"La résistible ascension d’Arturo Ui" pour démonter le mécanisme du populisme
La pièce de Brecht sur l'accession d'Hitler au pouvoir est ancrée dans le présent par Dominique Pitoiset et portée sur scène par Philippe Torreton, parfait dans la frayeur et le cynisme.
Le spectacle résonne avec l’actualité. Depuis le 10 novembre et jusqu'au 27, à Sceaux, avant de partir en tournée jusqu'en avril, le comédien Philippe Torreton joue La résistible ascension d’Arturo Ui, pièce de Bertolt Brecht sur la prise de pouvoir par Hitler. Le metteur en scène, Dominique Pitoiset, avec lequel Philippe Torreton a triomphé précédemment dans Cyrano a choisi de nous parler du présent.
Une parabole actualisée
La résistible ascension d’Arturo Ui créée en 1941 est une parabole sur la prise du pouvoir par les nazis mais l'adaptation de Dominique Pitoiset rend la pièce universelle et terriblement actuelle, au moment où le populisme gagne du terrain dans de nombreux pays.

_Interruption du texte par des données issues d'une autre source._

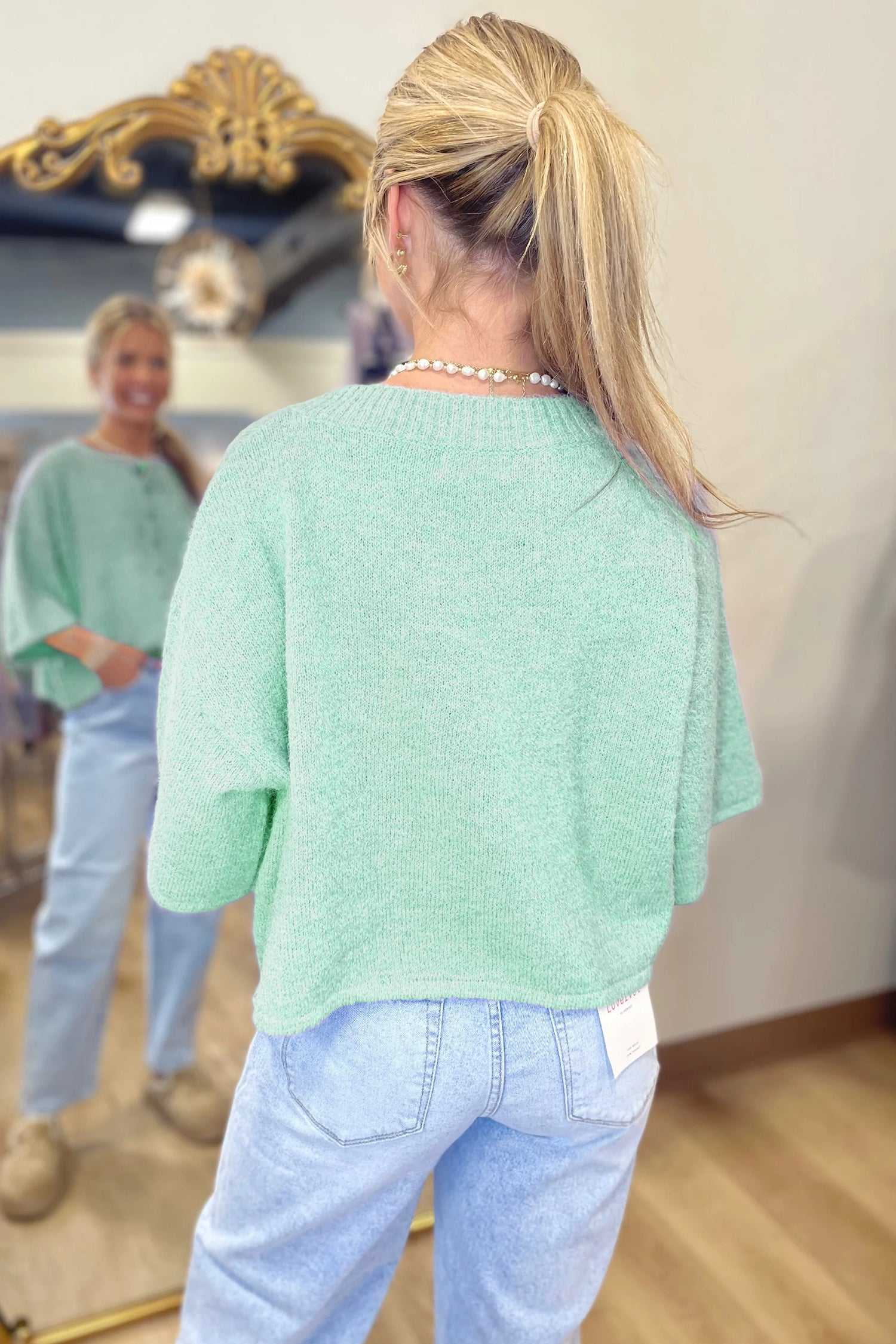 Back view of pastel jade fuzzy knit cardigan with relaxed boxy fit and short sleeves, styled with high-rise jeans.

Dans la bouche de Philippe Torreton, les mots d’Arturo Ui résonnent étrangement. "Meurtres, massacres, carnages, arbitraire, pillages, des coups de feu tirés en pleine rue, des travailleurs vacant à leurs occupations, des citoyens paisibles assassinés en plein jour. Et que fait le gouvernement, je vous le demande ? Rien." L'acteur poursuit : "Sans doute, ces honorables messieurs ont-ils des plans, des manœuvres ténébreuses à combiner plutôt que d’intervenir. Bref, c’est le règne du chaos."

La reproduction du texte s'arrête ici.